__Exercise goal__: In the records that follow, find the line with "Image : LG 27UP850K-W"; from there, retype every line exactly through the line with "Складной Нож С", which also belongs to the answer.

__Task data__:
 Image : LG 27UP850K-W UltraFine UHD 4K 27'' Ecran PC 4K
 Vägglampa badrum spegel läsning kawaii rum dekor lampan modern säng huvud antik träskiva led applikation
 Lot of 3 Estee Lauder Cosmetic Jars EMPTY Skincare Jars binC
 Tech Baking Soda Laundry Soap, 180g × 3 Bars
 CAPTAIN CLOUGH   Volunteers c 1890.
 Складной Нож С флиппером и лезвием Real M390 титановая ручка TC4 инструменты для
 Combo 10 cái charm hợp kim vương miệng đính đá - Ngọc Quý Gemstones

--

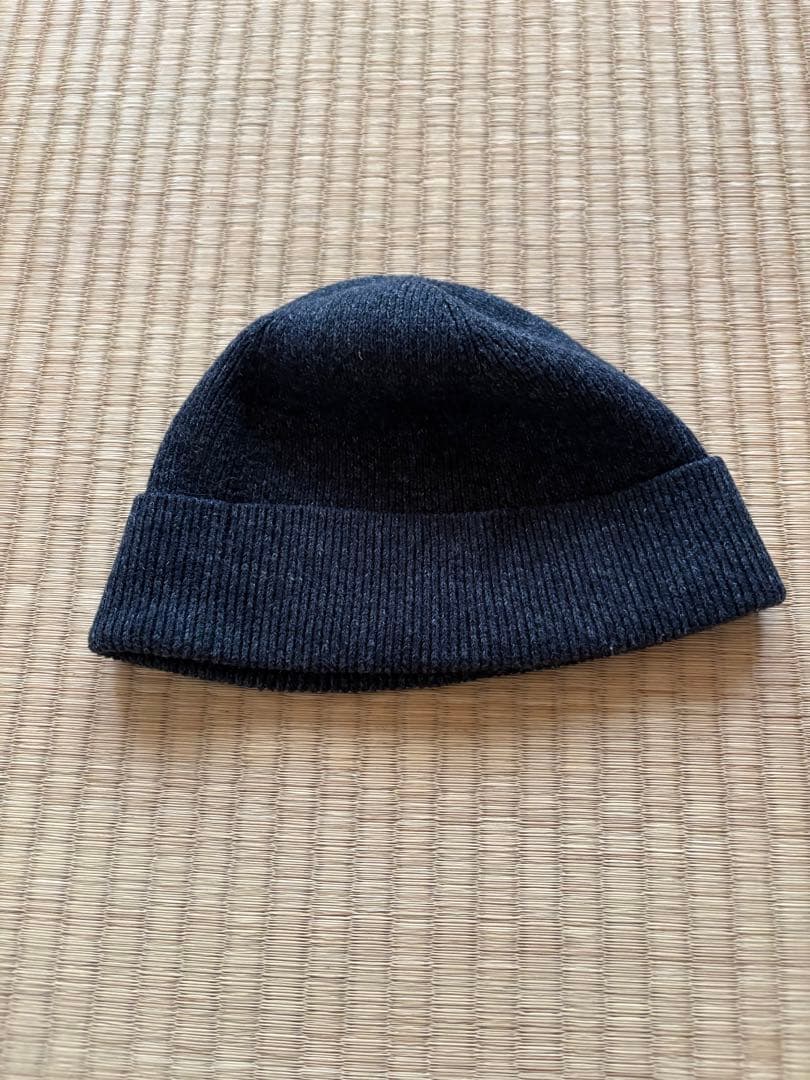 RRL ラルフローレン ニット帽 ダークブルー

__Answer__:
 Image : LG 27UP850K-W UltraFine UHD 4K 27'' Ecran PC 4K
 Vägglampa badrum spegel läsning kawaii rum dekor lampan modern säng huvud antik träskiva led applikation
 Lot of 3 Estee Lauder Cosmetic Jars EMPTY Skincare Jars binC
 Tech Baking Soda Laundry Soap, 180g × 3 Bars
 CAPTAIN CLOUGH   Volunteers c 1890.
 Складной Нож С флиппером и лезвием Real M390 титановая ручка TC4 инструменты для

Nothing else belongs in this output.